SOURCE DATA -
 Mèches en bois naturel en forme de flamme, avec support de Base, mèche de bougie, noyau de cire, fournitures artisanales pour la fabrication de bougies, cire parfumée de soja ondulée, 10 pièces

---

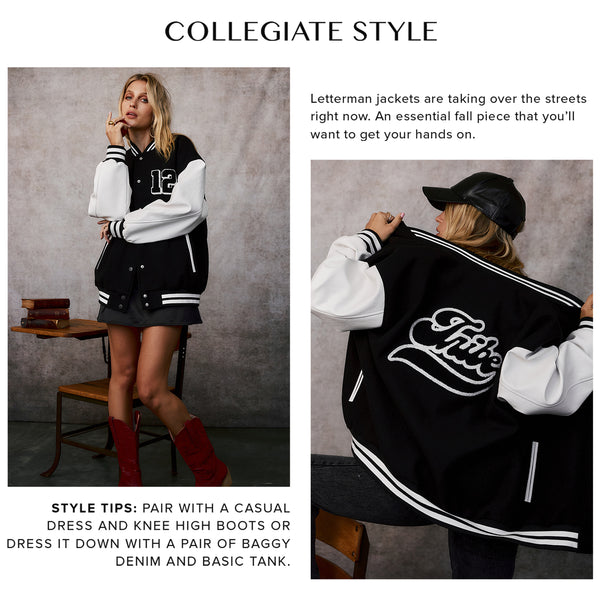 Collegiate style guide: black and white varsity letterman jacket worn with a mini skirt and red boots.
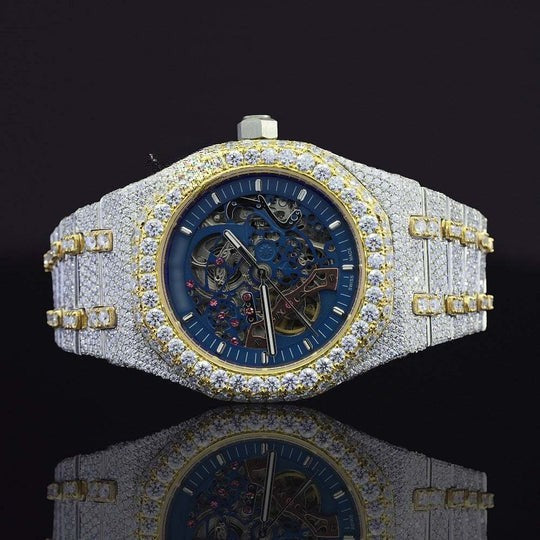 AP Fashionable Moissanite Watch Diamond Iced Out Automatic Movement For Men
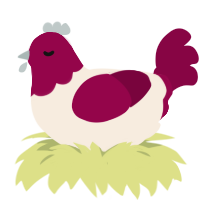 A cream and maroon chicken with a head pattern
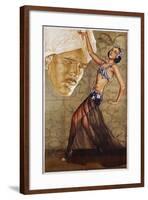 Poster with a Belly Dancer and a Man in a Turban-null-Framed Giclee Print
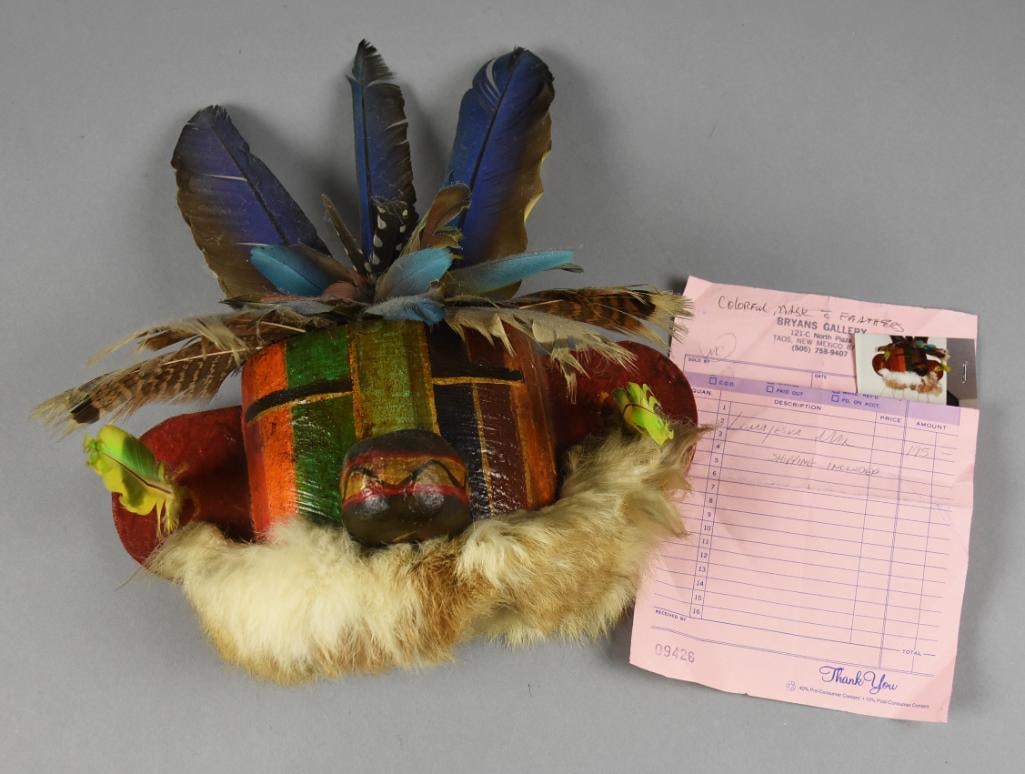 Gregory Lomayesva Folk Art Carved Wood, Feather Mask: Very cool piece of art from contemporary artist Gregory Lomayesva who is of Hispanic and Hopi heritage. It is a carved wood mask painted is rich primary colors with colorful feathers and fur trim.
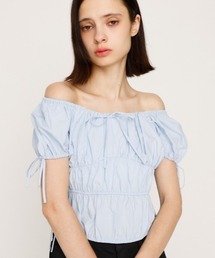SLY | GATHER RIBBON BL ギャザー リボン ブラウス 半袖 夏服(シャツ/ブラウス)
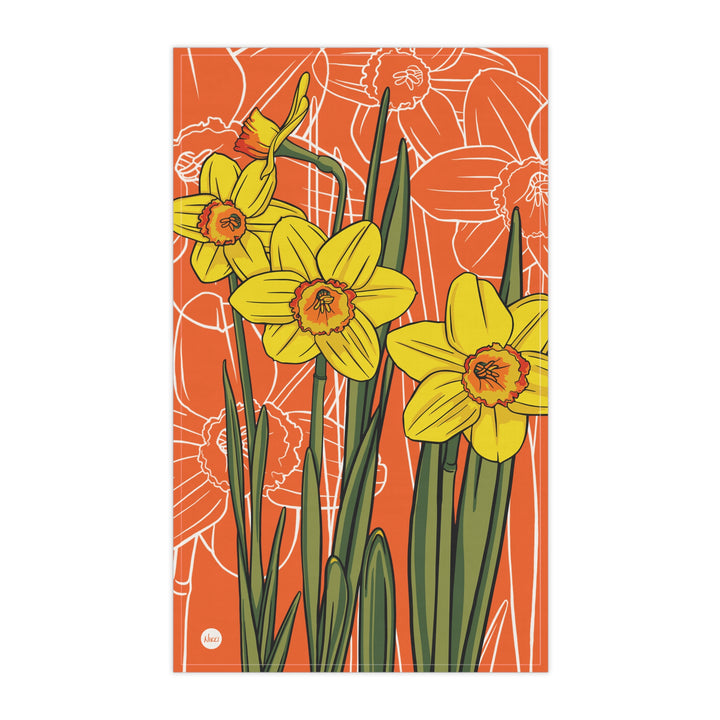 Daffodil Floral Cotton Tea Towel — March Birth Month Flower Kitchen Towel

* * *

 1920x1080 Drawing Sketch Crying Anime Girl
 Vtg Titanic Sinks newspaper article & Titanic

PROBLEM -
In the entries above, find the line containing "Poster with a" and the line containing "Daffodil Floral Cotton", then copy both and every line between them exactly, without any picture.

RESULT FOR THIS EXERCISE -
 Poster with a Belly Dancer and a Man in a Turban-null-Framed Giclee Print
 Gregory Lomayesva Folk Art Carved Wood, Feather Mask: Very cool piece of art from contemporary artist Gregory Lomayesva who is of Hispanic and Hopi heritage. It is a carved wood mask painted is rich primary colors with colorful feathers and fur trim.
SLY | GATHER RIBBON BL ギャザー リボン ブラウス 半袖 夏服(シャツ/ブラウス)
 Daffodil Floral Cotton Tea Towel — March Birth Month Flower Kitchen Towel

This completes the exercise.